Collection entries:

■ ■ ■ ■ ■

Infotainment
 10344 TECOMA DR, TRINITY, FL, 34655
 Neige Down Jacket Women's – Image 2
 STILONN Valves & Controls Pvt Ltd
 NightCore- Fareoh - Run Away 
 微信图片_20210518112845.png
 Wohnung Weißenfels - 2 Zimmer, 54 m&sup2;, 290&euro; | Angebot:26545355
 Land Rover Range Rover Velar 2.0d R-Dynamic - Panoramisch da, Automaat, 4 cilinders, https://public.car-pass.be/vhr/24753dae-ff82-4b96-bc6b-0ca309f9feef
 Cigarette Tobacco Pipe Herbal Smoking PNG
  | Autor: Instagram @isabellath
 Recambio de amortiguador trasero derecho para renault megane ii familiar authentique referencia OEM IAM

■ ■ ■ ■ ■

Work instruction: Return every line from the one holding "Cigarette Tobacco Pipe Herbal Smoking PNG" through the end of the data, exactly as it appears, with both ends kept and nothing else.

Exercise answer:
 Cigarette Tobacco Pipe Herbal Smoking PNG
  | Autor: Instagram @isabellath
 Recambio de amortiguador trasero derecho para renault megane ii familiar authentique referencia OEM IAM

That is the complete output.